Work task ▸ Lines from the one containing "9 Forest Scituate" to the end of the data below are to be restated exactly, with both ends included and nothing else.

*** Data for the task Section Begins ***

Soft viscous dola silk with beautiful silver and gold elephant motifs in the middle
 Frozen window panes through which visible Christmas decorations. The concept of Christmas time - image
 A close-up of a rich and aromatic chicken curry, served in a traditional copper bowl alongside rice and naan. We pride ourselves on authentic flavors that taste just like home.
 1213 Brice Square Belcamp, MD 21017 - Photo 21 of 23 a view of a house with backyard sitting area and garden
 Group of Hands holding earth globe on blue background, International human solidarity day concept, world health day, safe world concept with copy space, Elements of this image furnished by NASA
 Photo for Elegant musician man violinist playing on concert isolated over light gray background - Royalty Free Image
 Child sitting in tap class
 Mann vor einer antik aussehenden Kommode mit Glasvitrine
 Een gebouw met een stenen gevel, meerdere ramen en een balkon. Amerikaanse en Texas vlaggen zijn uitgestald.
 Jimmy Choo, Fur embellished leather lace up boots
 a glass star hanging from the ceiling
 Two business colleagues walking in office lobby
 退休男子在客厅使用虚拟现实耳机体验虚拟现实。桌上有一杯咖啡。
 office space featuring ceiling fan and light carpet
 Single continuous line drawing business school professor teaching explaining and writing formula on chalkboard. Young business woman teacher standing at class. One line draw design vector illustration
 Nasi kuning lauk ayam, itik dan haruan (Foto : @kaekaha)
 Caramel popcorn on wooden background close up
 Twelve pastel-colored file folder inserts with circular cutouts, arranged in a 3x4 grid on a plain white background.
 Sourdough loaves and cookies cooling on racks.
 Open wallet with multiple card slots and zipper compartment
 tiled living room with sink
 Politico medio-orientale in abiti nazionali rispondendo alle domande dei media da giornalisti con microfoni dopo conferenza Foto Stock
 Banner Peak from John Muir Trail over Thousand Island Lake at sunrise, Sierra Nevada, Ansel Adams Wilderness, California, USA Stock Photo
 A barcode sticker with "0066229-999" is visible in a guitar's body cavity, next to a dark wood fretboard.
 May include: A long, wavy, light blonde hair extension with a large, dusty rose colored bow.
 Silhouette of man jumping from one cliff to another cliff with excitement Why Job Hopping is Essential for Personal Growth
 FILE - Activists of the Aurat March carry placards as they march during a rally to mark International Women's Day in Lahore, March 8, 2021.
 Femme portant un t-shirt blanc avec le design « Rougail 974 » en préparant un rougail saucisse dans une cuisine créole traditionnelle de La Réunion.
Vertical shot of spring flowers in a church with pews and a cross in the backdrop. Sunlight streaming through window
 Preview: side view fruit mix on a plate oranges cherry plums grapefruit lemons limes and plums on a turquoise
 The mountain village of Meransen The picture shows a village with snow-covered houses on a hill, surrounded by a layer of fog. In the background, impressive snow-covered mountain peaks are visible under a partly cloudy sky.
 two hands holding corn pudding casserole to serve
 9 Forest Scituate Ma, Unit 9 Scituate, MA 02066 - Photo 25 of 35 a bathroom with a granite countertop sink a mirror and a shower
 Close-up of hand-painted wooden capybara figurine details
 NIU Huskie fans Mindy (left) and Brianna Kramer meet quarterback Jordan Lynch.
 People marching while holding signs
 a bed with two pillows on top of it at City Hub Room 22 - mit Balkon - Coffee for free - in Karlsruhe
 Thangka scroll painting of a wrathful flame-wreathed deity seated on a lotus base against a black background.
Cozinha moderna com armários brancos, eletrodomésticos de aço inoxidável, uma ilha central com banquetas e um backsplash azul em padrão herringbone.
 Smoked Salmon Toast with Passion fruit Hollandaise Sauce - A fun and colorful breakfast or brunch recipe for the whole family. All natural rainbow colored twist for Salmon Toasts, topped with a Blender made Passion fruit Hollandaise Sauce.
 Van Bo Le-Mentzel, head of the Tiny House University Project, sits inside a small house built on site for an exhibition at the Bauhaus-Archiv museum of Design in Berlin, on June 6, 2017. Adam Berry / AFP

*** Data for the task Section Ends ***

Answer to this task ▸
 9 Forest Scituate Ma, Unit 9 Scituate, MA 02066 - Photo 25 of 35 a bathroom with a granite countertop sink a mirror and a shower
 Close-up of hand-painted wooden capybara figurine details
 NIU Huskie fans Mindy (left) and Brianna Kramer meet quarterback Jordan Lynch.
 People marching while holding signs
 a bed with two pillows on top of it at City Hub Room 22 - mit Balkon - Coffee for free - in Karlsruhe
 Thangka scroll painting of a wrathful flame-wreathed deity seated on a lotus base against a black background.
Cozinha moderna com armários brancos, eletrodomésticos de aço inoxidável, uma ilha central com banquetas e um backsplash azul em padrão herringbone.
 Smoked Salmon Toast with Passion fruit Hollandaise Sauce - A fun and colorful breakfast or brunch recipe for the whole family. All natural rainbow colored twist for Salmon Toasts, topped with a Blender made Passion fruit Hollandaise Sauce.
 Van Bo Le-Mentzel, head of the Tiny House University Project, sits inside a small house built on site for an exhibition at the Bauhaus-Archiv museum of Design in Berlin, on June 6, 2017. Adam Berry / AFP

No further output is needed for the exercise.